Ice Age bone discovery inside Norwegian cave. (Credit: Trond Klungseth Lødøen)
In A Nutshell
- Scientists uncovered a 75,000-year-old bone assemblage in a Northern Norwegian cave representing the oldest preserved Arctic ecosystem in Europe.
- Ancient DNA analysis revealed that all sequenced mitochondrial lineages from three Arctic mammals (polar bear, Arctic fox, and collared lemming) are now extinct.
- The fossil community included species not previously recorded in Scandinavia and featured an unusual mix of marine and terrestrial animals.
- Findings show how repeated climate shifts can erase regional genetic diversity, even in species that survive through time.

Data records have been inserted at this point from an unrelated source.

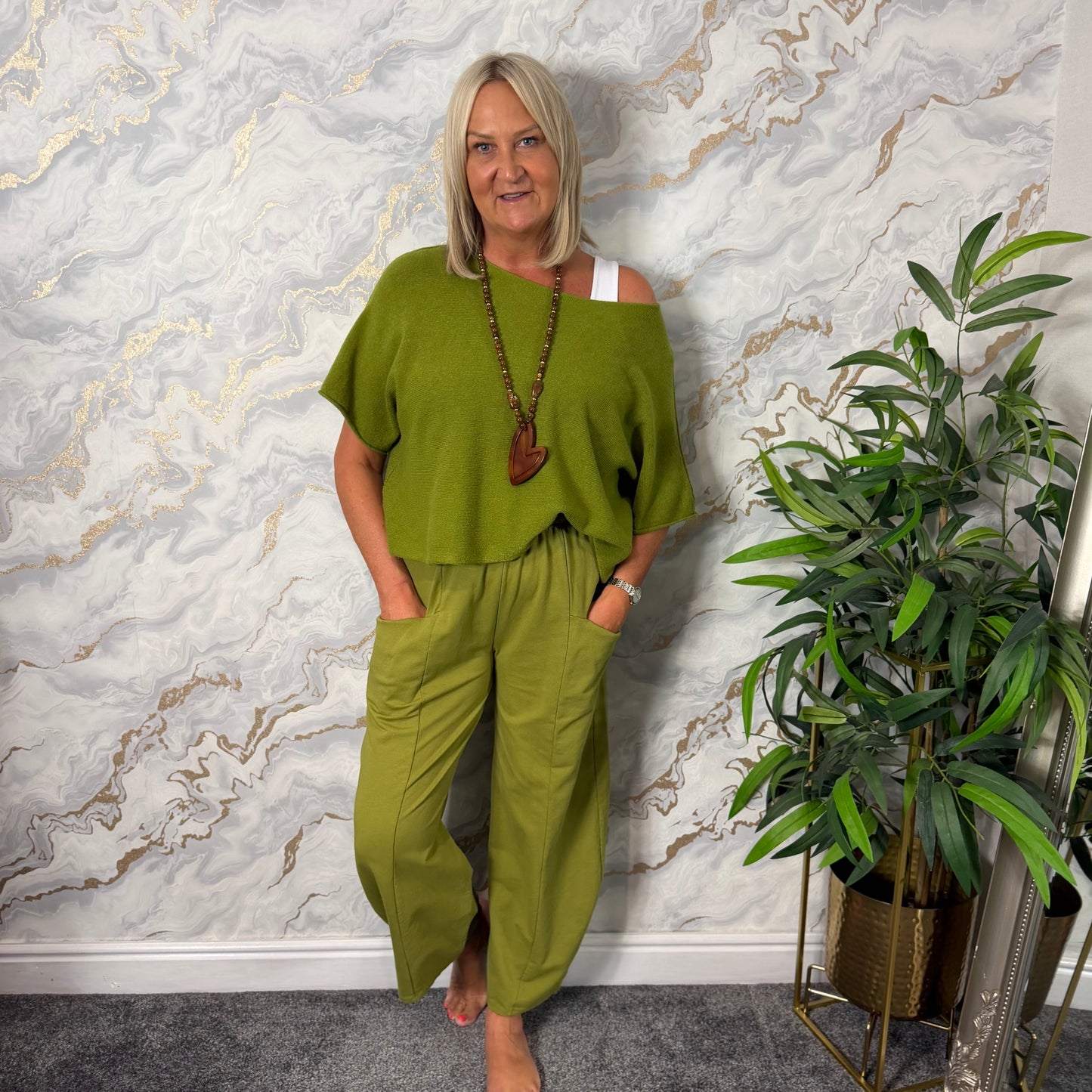 Green wide leg jersey trousers
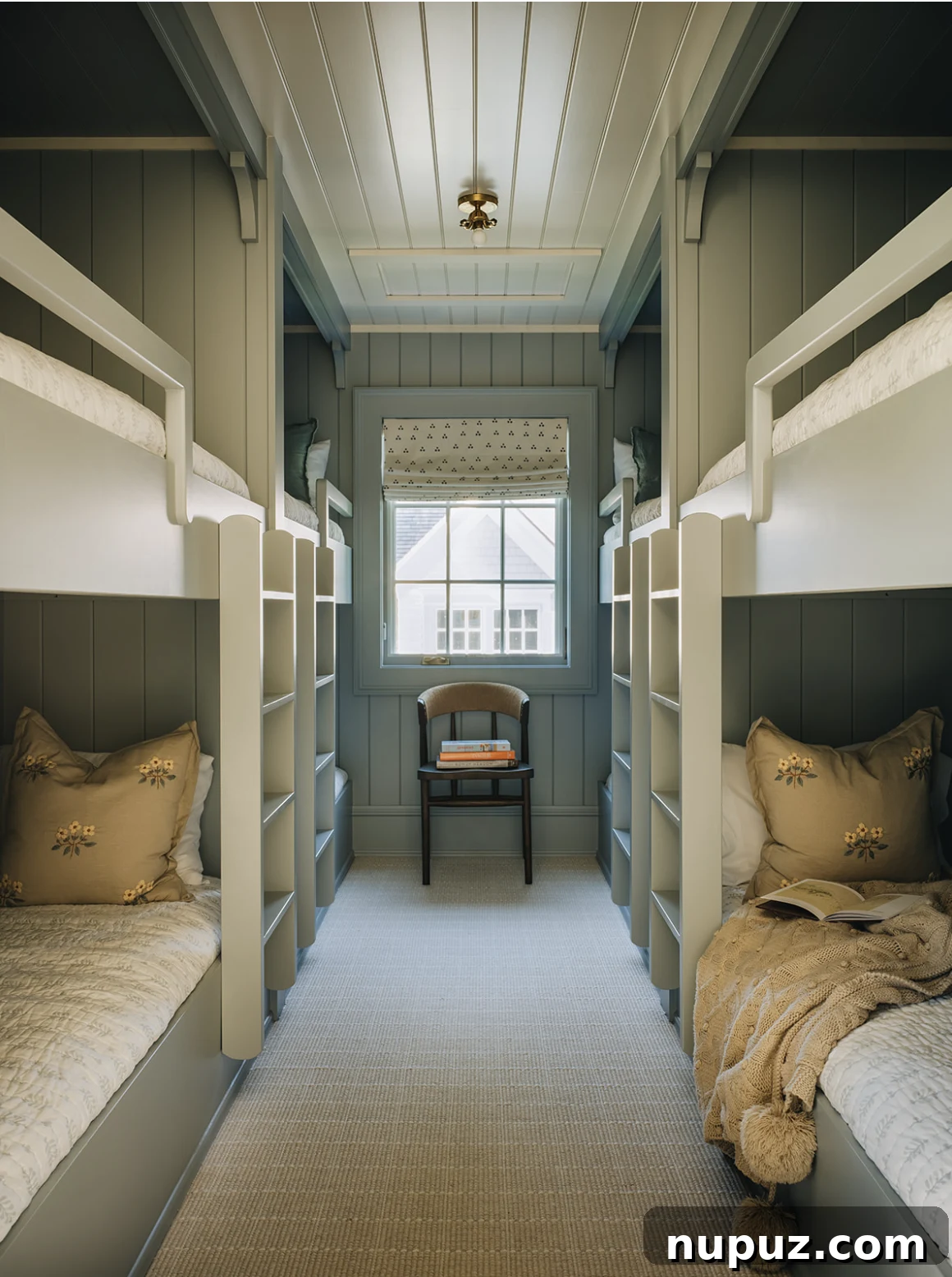 Charming bunk room by Jean Stoffer Design, ideal for children or guests in a lake house setting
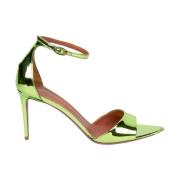 Grønne speilende ankelstropp sandaler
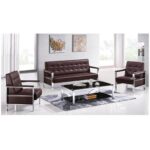 Sofa with Spring Seats and Silver Metal Legs, Burgundy colour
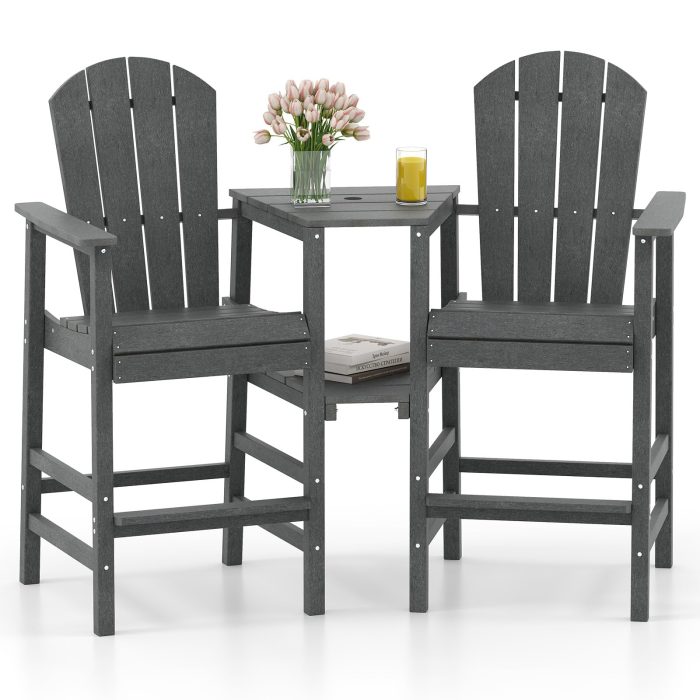 Giantex Outdoor Tall Adirondack Chairs Set of 2 - Grey - Image 1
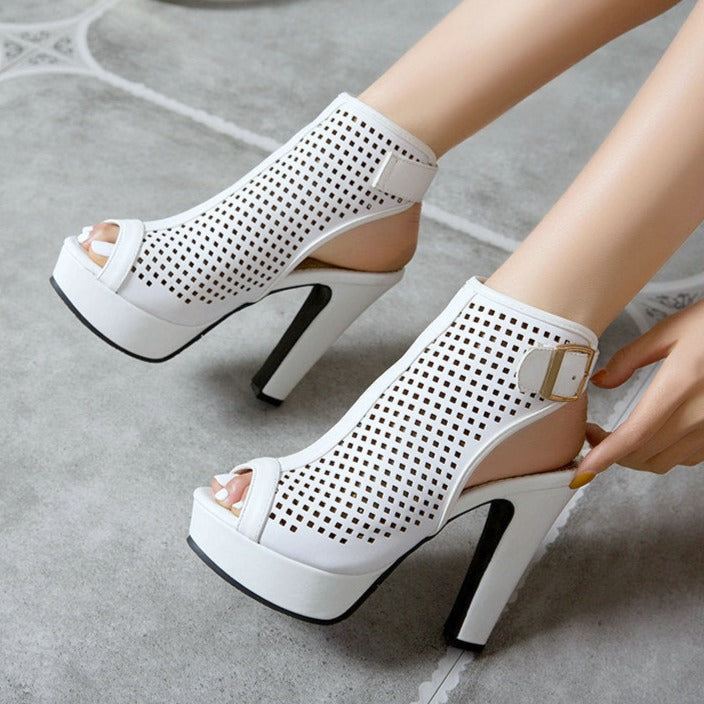 Women's hollowed peep toe chunky high heels summer booties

OSLO, Norway — Scientists have uncovered a 75,000-year-old ecosystem inside a Norwegian cave, complete with genetic lineages that no longer exist anywhere on Earth. Among thousands of bone fragments, they found evidence of polar bears, Arctic foxes, and dozens of other species that paint a picture of an Arctic environment unlike anything seen today.
Published in the Proceedings of the National Academy of Sciences, the study describes the oldest preserved animal community ever found in the European Arctic. The bone collection contains remains from 46 different species spanning mammals, birds, and fish. When scientists analyzed DNA from these ancient bones, they made a striking discovery: all sequenced mitochondrial lineages are now extinct, even though the species themselves still exist today.
“We have very little evidence of what Arctic life was like in this period because of the lack of preserved remains over 10,000 years old,” said study senior author Sanne Boessenkool of the University of Oslo, in a statement. “The cave has now revealed a diverse mix of animals in a coastal ecosystem representing both the marine and the terrestrial environment.”
How Ancient Animal Remains Survived 75,000 Years in Norwegian Cave
Arne Qvamgrotta cave sits in Northern Norway, a region that has been repeatedly buried under massive ice sheets. Most caves at these latitudes have been completely flushed clean by glacial meltwater over tens of thousands of years, making the survival of this deposit nearly miraculous.
The cave’s unique position within a larger cave system helped protect it from destruction. Located at a higher elevation relative to the rest of the system, it only becomes active during major flooding events. During ice-free periods, floodwaters drain through lower passages, leaving the ancient sediments untouched.
Researchers spent two field seasons carefully excavating the site, sieving sediments through fine mesh screens and using magnification lamps to separate thousands of bone and shell pieces from the surrounding material. They collected over 6,000 bone fragments from different layers of sediment.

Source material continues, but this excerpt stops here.